The refusal to certify

  1. As noted earlier, the judge refused a defence application for her to certify under s 295(3)(a),[19] as she was not persuaded that exclusion of the Queensland evidence ‘would eliminate or substantially weaken the prosecution case’.  On this application for review of her Honour’s refusal to certify, we are required by s 296(4) to ‘consider’ the applicable certification provision and then to decide whether we are ‘satisfied as required by s 297’.[20]
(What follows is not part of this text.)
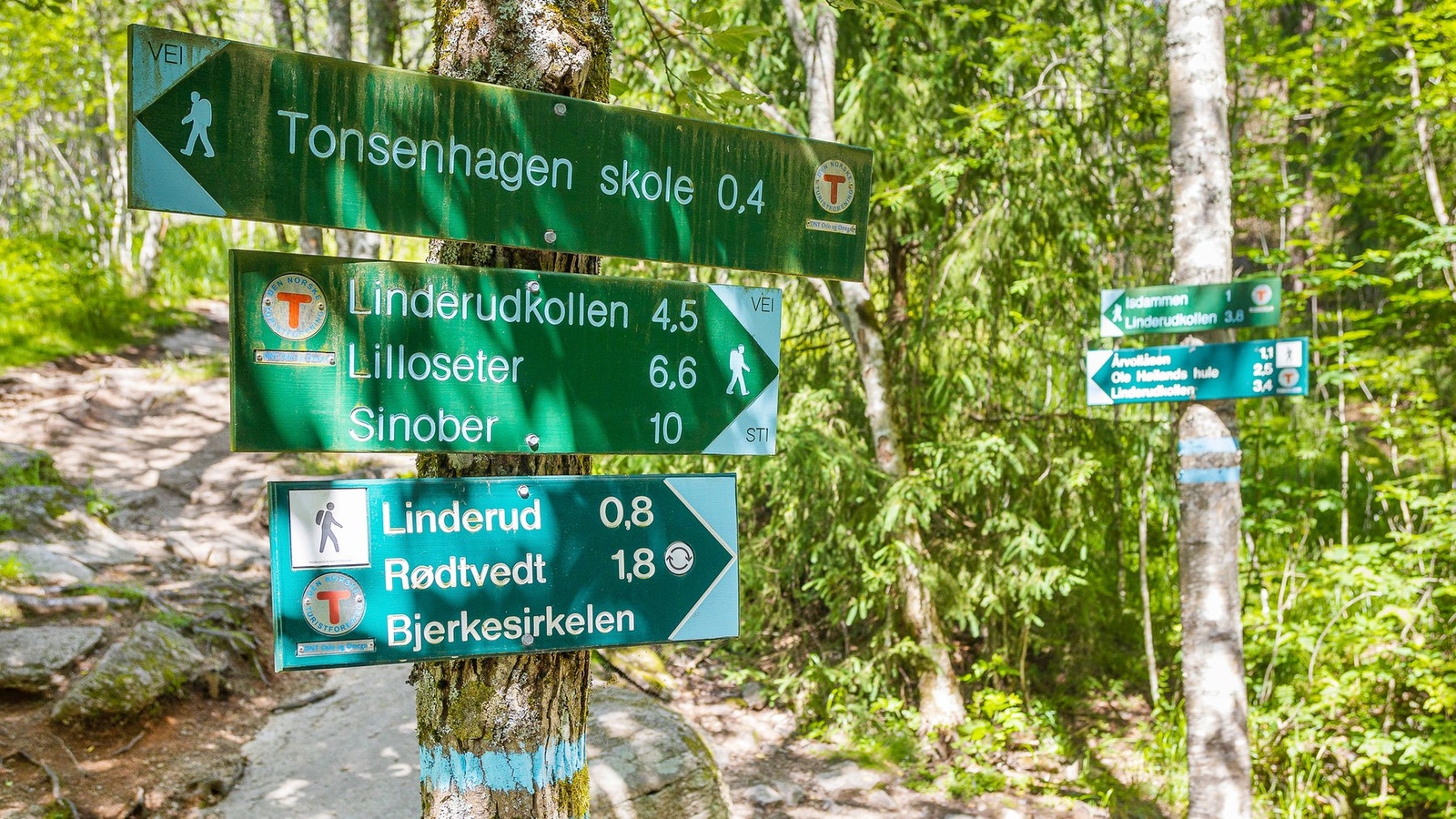 Kort vei til marka med utallige turmuligheter sommer som vinter. Galleribilde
    [19]Criminal Procedure Act 2009.

    [20]Ibid.

  1. It is that state of satisfaction which enlivens the power under s 296(4)(b) to give leave to appeal.[21] It follows, in our view, that we must ‘consider’ the importance of the Queensland evidence to the prosecution case, as required by s 295(3)(a),[22] but the overarching consideration is whether it is ‘in the interests of justice’ to give leave to appeal.[23]

    [21]Ibid.

    [22]Ibid.

    [23]Ibid s 297(1).

  1. As to the first step, we think that the introduction of the Queensland evidence would greatly increase the likelihood of L’s being found guilty of the charges.  It does not follow, however, that its exclusion would ‘eliminate or substantially weaken’ the prosecution case, given the other evidence said to make clear that T was very young.

  1. In the end, however, we do not need to reach a final view on that question, as we are ‘satisfied as required by s 297’ that it is in the interests of justice for leave to appeal to be granted.  On the view we have formed as to the low probative value and highly prejudicial nature of the Queensland evidence, its admission at the trial would work a grave injustice.  For these reasons, leave to appeal will be granted, the appeal allowed and the ruling set aside.  In its place, there will be a ruling that the Queensland evidence is inadmissible.